1936 saw Gray joining the Artie Shaw orchestra as lead violinist and studied musical arrangement under Shaw. A year later he became a staff arranger. Over the next two years he penned some of the band’s most popular arrangements, including Carioca, Softly, As In A Morning Sunrise, Any Old Time, and Begin the Beguine. After the band broke up in 1939, Glenn Miller offered him a job arranging
In November 1939, Shaw suddenly broke up the band and moved to Mexico. On the next day, Glenn Miller called Gray and offered him a job arranging for his band. During his time with the Glenn Miller Orchestra, Jerry produced many of the most recognizable recordings of the era, arranging Elmer’s Tune, Moonlight Cocktail, Perfidia, and Chattanooga Choo-Choo among others, while his compositions among numerous others included Sun Valley Jump, The Man In The Moon, Caribbean Clipper, Pennsylvania 6-5000, and his most famous song, A String of Pearls. Many of his compositions became best-sellers.

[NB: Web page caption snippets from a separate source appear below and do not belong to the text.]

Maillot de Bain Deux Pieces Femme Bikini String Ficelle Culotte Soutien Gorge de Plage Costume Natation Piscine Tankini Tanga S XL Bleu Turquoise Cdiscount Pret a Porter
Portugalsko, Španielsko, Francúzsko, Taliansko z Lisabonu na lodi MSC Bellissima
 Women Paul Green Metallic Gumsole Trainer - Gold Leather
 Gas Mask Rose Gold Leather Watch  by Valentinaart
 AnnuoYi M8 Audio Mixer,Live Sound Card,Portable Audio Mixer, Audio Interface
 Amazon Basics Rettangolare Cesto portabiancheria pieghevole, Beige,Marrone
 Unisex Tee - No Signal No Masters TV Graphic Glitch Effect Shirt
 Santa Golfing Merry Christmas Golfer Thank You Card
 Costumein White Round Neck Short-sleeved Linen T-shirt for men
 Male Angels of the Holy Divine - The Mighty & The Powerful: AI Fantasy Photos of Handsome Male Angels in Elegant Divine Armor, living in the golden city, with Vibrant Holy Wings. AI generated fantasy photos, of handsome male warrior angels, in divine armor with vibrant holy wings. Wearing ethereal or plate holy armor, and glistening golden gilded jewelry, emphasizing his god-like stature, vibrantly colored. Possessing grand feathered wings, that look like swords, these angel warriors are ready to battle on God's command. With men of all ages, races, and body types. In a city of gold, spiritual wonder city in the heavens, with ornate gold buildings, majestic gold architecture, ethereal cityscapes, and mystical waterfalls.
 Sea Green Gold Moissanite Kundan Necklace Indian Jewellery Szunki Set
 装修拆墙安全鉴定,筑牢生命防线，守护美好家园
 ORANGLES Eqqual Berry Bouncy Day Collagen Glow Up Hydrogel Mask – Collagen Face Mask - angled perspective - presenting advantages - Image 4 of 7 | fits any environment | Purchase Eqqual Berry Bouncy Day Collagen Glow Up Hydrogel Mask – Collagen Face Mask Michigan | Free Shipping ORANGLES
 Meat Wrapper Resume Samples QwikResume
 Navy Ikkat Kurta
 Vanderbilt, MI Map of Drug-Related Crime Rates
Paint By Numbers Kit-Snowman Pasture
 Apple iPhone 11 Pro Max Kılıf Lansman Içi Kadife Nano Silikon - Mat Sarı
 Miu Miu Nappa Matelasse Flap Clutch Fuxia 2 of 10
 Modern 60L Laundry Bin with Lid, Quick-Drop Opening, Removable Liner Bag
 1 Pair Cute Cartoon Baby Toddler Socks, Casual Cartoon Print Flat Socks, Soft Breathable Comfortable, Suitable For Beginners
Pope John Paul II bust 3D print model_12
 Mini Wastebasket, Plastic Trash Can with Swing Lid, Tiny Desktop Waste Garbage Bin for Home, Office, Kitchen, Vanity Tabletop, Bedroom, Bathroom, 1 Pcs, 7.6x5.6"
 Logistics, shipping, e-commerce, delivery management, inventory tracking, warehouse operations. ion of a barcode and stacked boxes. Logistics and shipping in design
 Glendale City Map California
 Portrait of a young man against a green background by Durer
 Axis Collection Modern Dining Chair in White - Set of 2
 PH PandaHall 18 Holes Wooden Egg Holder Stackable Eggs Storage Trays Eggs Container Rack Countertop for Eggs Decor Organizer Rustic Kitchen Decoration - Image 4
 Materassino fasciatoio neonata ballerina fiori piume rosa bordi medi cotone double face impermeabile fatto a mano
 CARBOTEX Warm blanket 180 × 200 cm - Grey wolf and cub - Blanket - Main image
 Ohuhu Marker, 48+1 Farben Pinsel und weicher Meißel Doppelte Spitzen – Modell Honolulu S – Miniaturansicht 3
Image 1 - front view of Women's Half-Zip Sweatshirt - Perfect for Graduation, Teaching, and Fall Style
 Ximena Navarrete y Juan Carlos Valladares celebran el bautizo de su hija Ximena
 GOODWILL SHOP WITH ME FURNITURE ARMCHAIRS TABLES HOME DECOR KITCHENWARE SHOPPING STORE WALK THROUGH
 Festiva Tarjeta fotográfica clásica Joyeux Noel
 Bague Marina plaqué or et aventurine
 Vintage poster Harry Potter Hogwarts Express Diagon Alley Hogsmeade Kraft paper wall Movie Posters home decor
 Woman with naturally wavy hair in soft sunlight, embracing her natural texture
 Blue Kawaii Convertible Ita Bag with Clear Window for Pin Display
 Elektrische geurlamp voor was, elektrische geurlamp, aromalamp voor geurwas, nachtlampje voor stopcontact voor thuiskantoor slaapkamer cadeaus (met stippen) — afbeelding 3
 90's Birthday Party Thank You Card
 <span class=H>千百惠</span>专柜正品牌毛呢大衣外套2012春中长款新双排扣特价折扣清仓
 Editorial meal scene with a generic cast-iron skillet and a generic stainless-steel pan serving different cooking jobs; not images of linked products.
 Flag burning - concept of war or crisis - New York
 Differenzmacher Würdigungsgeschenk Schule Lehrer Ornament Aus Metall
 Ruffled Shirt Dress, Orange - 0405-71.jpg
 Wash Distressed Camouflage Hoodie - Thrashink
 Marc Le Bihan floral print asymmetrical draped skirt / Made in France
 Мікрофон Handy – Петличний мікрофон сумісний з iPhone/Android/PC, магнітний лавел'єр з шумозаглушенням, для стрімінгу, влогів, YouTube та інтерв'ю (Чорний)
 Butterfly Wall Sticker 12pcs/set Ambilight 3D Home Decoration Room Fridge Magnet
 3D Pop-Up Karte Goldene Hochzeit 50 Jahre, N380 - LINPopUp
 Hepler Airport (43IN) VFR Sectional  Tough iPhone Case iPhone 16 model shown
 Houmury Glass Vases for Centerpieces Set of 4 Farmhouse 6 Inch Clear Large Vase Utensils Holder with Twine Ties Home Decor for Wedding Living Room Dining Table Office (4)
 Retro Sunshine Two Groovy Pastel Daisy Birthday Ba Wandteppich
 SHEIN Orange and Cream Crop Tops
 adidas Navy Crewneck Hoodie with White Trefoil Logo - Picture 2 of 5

The war years saw Jerry in Miller’s unit and became chief arranger for Miller’s “Band of the Training Command”, better known today as the Glenn Miller Army Air Forces Orchestra. He was the full orchestra’s assistant conductor, and conducted the orchestra’s first concert in Paris after Miller’s airplane disappeared over the English Channel.
After the war for a while he did radio and studio work around Los Angeles, California, including leading the band on a radio show called Club 15 that featured Dick Haymes. In 1949 he accepted a request from Decca Records to lead his own Miller-esque orchestra that was called Jerry Gray and the Band of Today.
Violinist, arranger, composer, and leader of swing big bands Jerry Gray, who continued to lead the Fairmont Hotel band into the 1970s, passed away of a heart attack on August 10, 1976 in Dallas, Texas. He was 61.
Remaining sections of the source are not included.